### [WORK ITEM]
Nothing but the lines from the one containing "Borehole Drilling Only" through the last line of the data below should be returned, each exactly as it stands, pictures excluded.

### [DATA BELOW]

##########

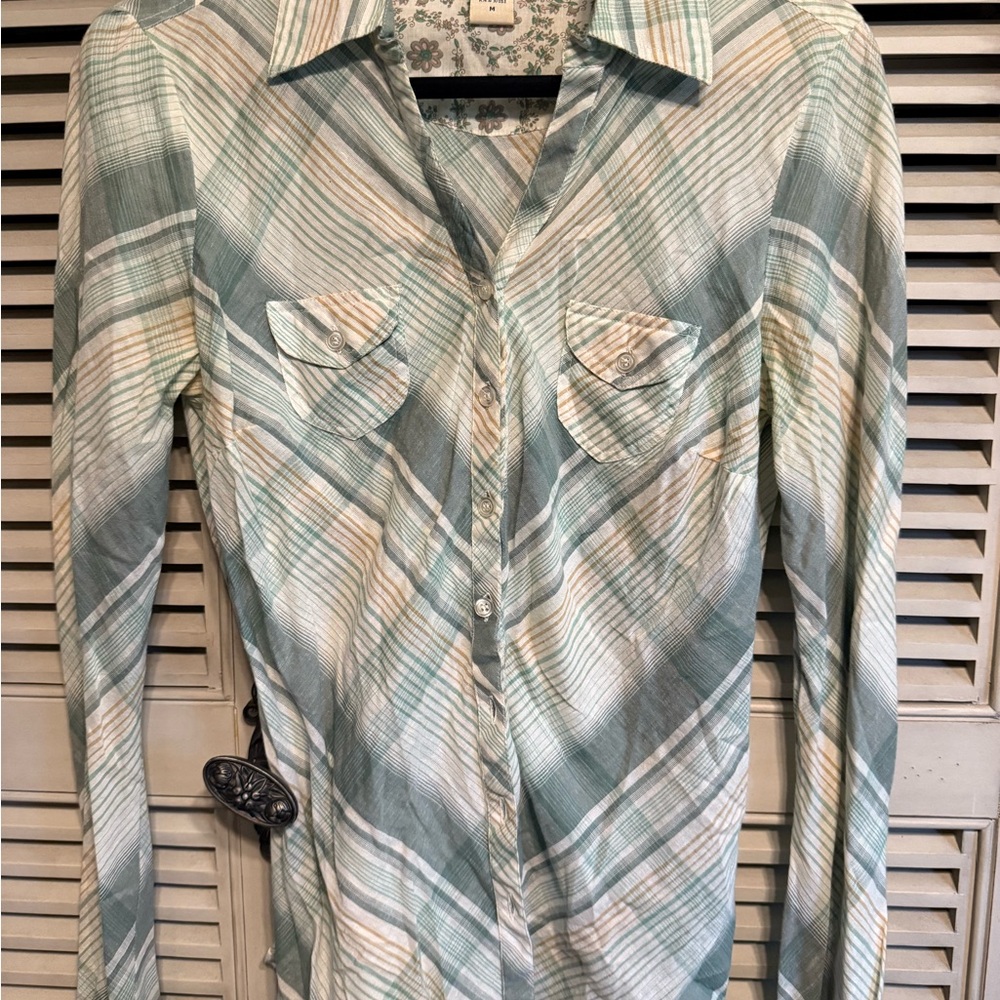 Maurices Plaid Button-Up Shirt in Green and White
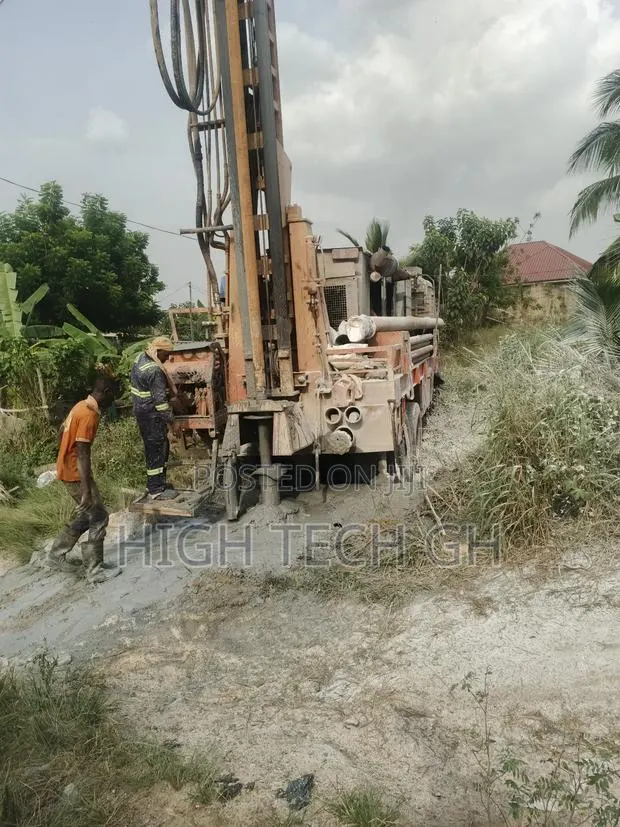 Borehole Drilling Only With Free Sitting · Photo 1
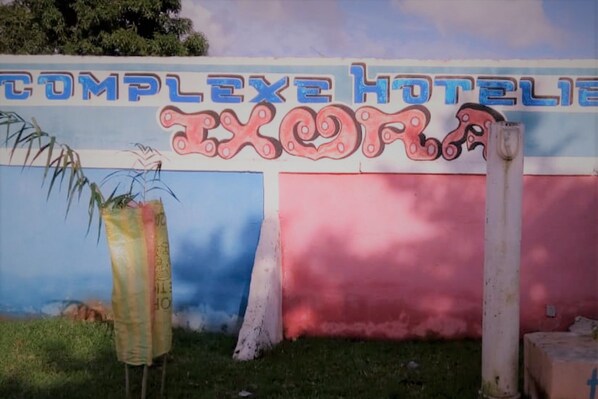 Front of property - Hôtel Ixora Divo (Divo)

##########

### [EXERCISE SOLUTION]
 Borehole Drilling Only With Free Sitting · Photo 1
 Front of property - Hôtel Ixora Divo (Divo)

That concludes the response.